Figure 1: A signal with this phase/amplitude structure is called 8 QAM because it has the ability to signify 8 different states.

In this pattern we see that the states are represented at different amplitudes and phases. Points on the 0, 90, 180, and 270 degree axes can each have two possible amplitudes resulting in eight different states. With eight unique states, it is possible to transmit 3 bits in every state as shown in Table 1.

Table 1 shows a table of amplitude and phase states which can generate 8QAM and the corresponding binary bit pattern each state might convey. For example, if the modulated signal is of amplitude 1 at 0 degrees, the receiver decoder senses three zeros (000).

Amplitude Phase Bit Pattern
1 0 000
2 0 001
1 90 010
2 90 011
1 180 100
2 180 101
1 270 110
2 270 111

Table 1: Possible states and the resulting bit patterns for 8 QAM

If the modulated signal starts as a 1 at 90 degrees, then goes to a 2 at 270 degrees, then a 1 at 0 degrees, and then a 1 at 180 degrees, the resulting bit pattern is (010111000100). In only 4 bauds, twelve bits have been transmitted.

Today, modern communications needs require modulation schemes exhibiting more dense constellation patterns such as the one shown in Figure 2.

Figure 2: Four bits per baud 16 QAM

Figure 2 depicts a 16 state constellation pattern resulting in the transmission of four bits in every baud.

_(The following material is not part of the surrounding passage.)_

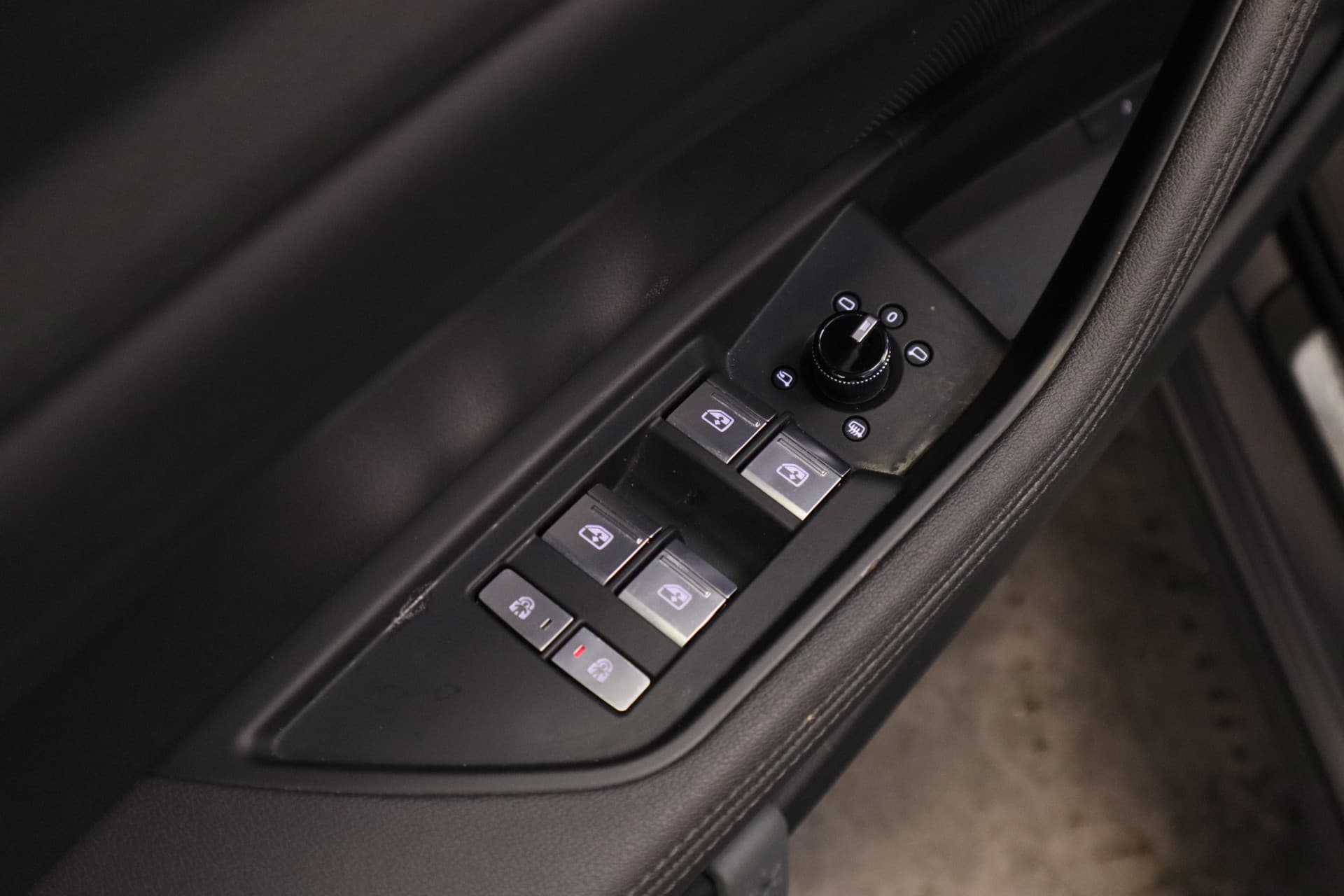 Audi E-tron e-tron 50 quattro Launch edition plus 71 kWh thumbnail 16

The number of states grow exponentially to the number of bits transmitted. This is a disadvantage since transmitting eight bits per baud would require 256 possible states resulting in a very dense constellation pattern.

As the constellation pattern becomes more dense, the receiver has more trouble distinguishing which position is the real one that was sent. Amplitude noise or phase disturbances, caused by the transmission path, have more impact as the pattern becomes more dense. So one consequence of increasing the packing of more bits into a baud is that the signal to noise ratio must be increased to prevent errors from rising excessively. Forward error correction techniques can also help. Shannon was right. You can trade signal to noise ratio and coding efficiencies for an enhanced data rate.

During the Thomcast experiment, different transmission modes were tested:

Thomcast is now working on investigating different types of existing AM transmitters and how they work with the Skywave 2000 technique. Their objective is to develop a plug-in exciter that broadcasters can simply connect to their existing transmitters. They are also working on the implementation of an improved source coder to increase the audio quality.